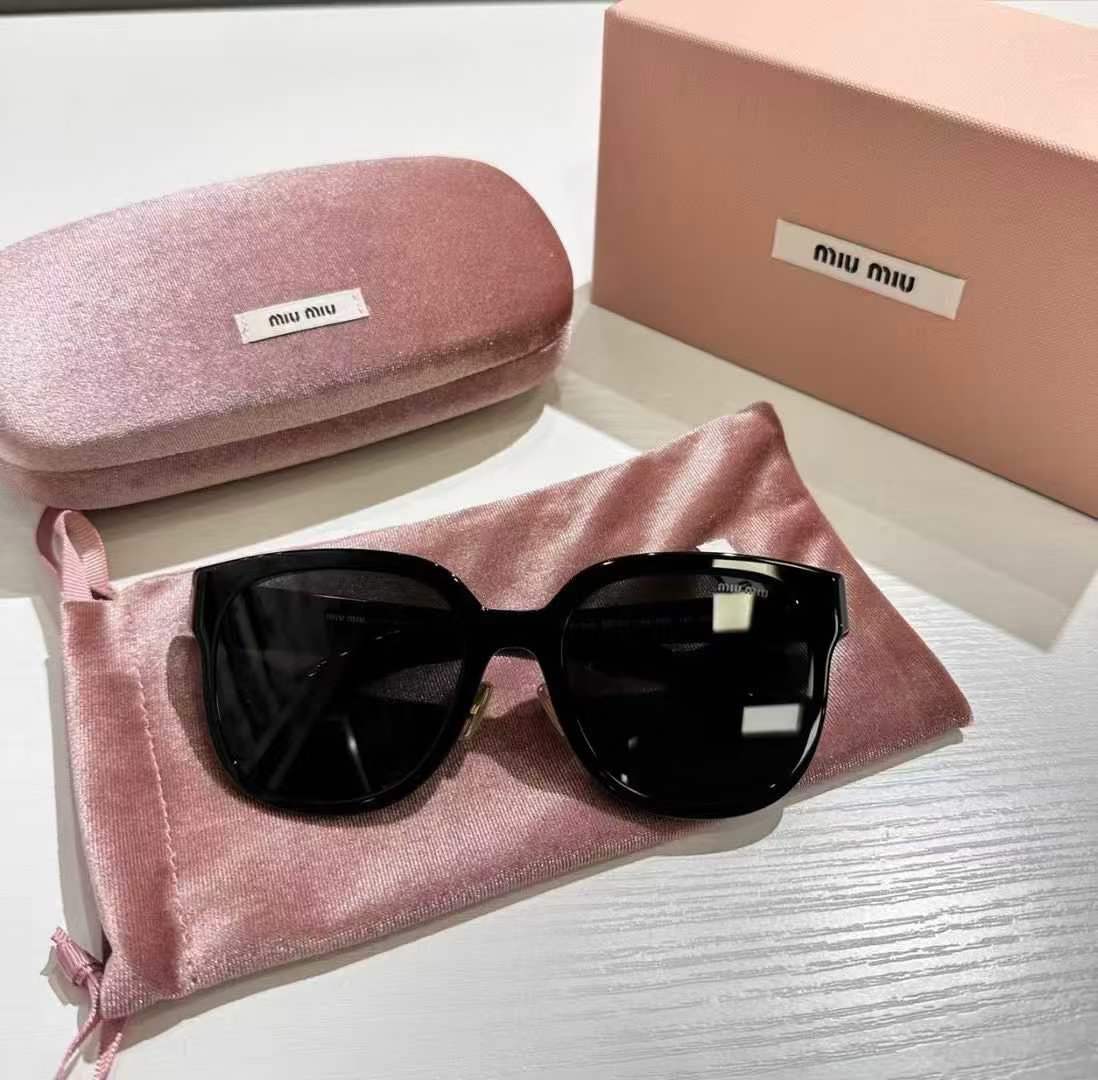 Miu Miu Sunglasses – Pre-owned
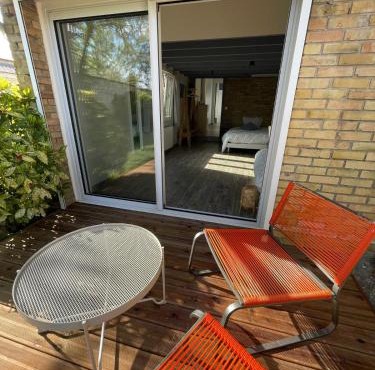 Deux pièces avec terrasse, vue jardin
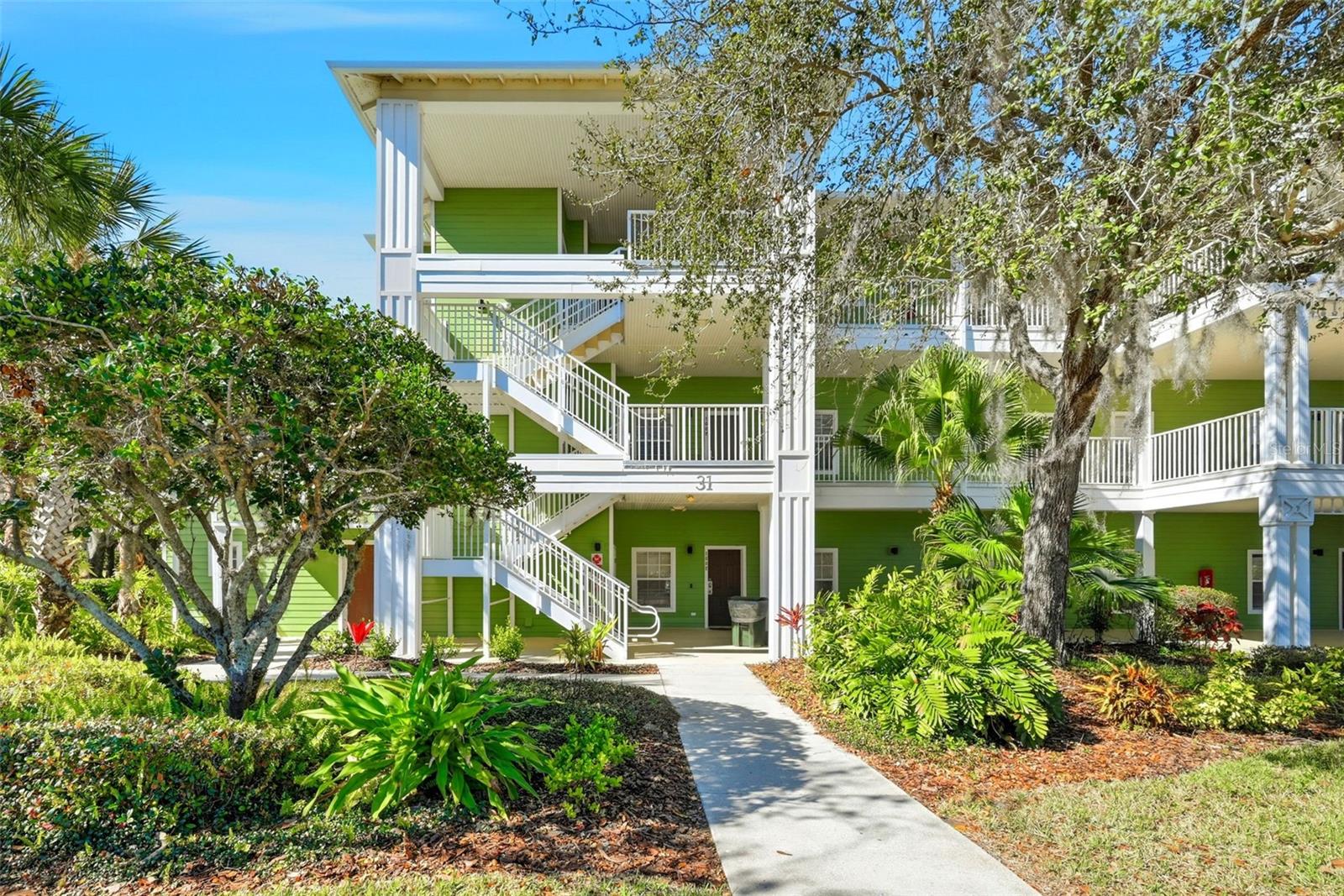 Image 3 of 34 For 1014 Gran Bahama Boulevard 31-1014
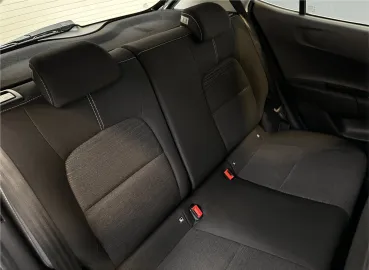 Car image 28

○ ○ ○ ○ ○ ○ ○

WHAT THE EXERCISE ASKS »
Whenever a line holds a picture, print that line without the picture. All other data must be output exactly.

SOLUTION FOR THIS TASK »
 Miu Miu Sunglasses – Pre-owned
 Deux pièces avec terrasse, vue jardin
 Image 3 of 34 For 1014 Gran Bahama Boulevard 31-1014
 Car image 28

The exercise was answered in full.